[The input]
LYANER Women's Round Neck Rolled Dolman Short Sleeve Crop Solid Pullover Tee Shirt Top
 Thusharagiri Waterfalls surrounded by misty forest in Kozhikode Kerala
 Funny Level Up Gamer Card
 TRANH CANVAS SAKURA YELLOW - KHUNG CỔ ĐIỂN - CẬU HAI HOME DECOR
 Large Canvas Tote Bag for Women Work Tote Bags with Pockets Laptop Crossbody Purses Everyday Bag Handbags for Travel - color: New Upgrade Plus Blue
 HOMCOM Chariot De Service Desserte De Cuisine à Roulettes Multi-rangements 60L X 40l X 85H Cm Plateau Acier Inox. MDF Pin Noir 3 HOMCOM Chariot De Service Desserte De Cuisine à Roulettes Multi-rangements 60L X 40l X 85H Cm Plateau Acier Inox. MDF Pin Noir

[What the exercise asks]
Find the word "Women" in the data and show each line that holds it.

[Result for this exercise]
LYANER Women's Round Neck Rolled Dolman Short Sleeve Crop Solid Pullover Tee Shirt Top
 Large Canvas Tote Bag for Women Work Tote Bags with Pockets Laptop Crossbody Purses Everyday Bag Handbags for Travel - color: New Upgrade Plus Blue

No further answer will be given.